Todavia, o prazo de até 01.01.2024 não está muito distante e refere-se exclusivamente aos artigos 16 e 17.

Podemos afirmar que esta Resolução é um importante marco regulatório para o setor de mineração de pedras e metais preciosos no Brasil introduzindo uma série de requisitos e deveres de PLD/FTP para este segmento.

No mundo moderno dos negócios, a busca pelo lucro deve sempre vir acompanhada de visão de longo prazo pautada em princípios inabaláveis como o fiel cumprimento às leis, a adoção de melhores práticas efetivas, a sustentabilidade, a equidade de tratamento de colaboradores e contrapartes, a transparência e, compilando tudo isso, a integridade. A conta sempre chega – e com um alto custo – para aqueles que negligenciam o cumprimento regulatório ou adoção de melhores práticas, bem como para os que adotam o Compliance e seus temas correlatos – ESG, somente para citar um – como um mecanismo meramente oportunista e “vendem” aquilo que parecem ter – “o compliance de papel” – ou, em alguns casos, que até possuem, mas não acreditam efetivamente em sua real importância. Tem só porque tem que ter. O famoso “estar compliance”.

No entanto, como toda nova legislação ou tendência de mercado, os desafios são complexos, porém, junto a estes, surgem também ótimas oportunidades e, normalmente, quem larga na frente, leva vantagem competitiva.

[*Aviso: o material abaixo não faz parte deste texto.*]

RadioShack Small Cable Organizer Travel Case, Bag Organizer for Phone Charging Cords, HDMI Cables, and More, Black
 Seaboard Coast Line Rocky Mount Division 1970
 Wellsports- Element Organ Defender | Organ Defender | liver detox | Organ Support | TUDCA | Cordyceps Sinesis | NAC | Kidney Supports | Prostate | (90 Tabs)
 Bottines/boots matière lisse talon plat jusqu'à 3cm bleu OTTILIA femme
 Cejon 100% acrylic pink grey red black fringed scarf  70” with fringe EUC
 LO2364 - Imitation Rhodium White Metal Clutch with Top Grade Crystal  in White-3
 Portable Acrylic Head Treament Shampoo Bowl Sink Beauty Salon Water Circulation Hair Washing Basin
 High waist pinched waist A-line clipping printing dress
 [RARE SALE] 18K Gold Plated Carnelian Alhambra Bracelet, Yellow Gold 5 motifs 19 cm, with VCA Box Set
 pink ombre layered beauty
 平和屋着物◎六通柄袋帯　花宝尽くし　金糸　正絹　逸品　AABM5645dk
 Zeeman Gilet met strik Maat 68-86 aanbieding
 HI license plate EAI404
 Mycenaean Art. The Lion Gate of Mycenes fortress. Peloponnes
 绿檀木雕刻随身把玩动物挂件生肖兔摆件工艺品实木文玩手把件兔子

Para as empresas de mineração que buscam “ser compliance” como algo estratégico, genuíno e buscam inseri-lo como parte de sua cultura corporativa e sua essência (o tal “fit cultural”), o resultado não será uma multa impagável ou noites sem dormir devido a notícias ou boatos na mídia. Em vez disso, colherão lucros sustentáveis, credibilidade e durabilidade nos negócios.

E para isso, há receita.

8 passos de PLD/FTP para realizar negócios mais saudáveis na mineração de metais e pedras preciosas:

  1. Conheça sempre seu cliente: a Resolução exige que as empresas de mineração de pedras e metais preciosos realizem uma completa identificação e cadastro de seus clientes, incluindo informações sobre a origem dos recursos financeiros utilizados nas transações.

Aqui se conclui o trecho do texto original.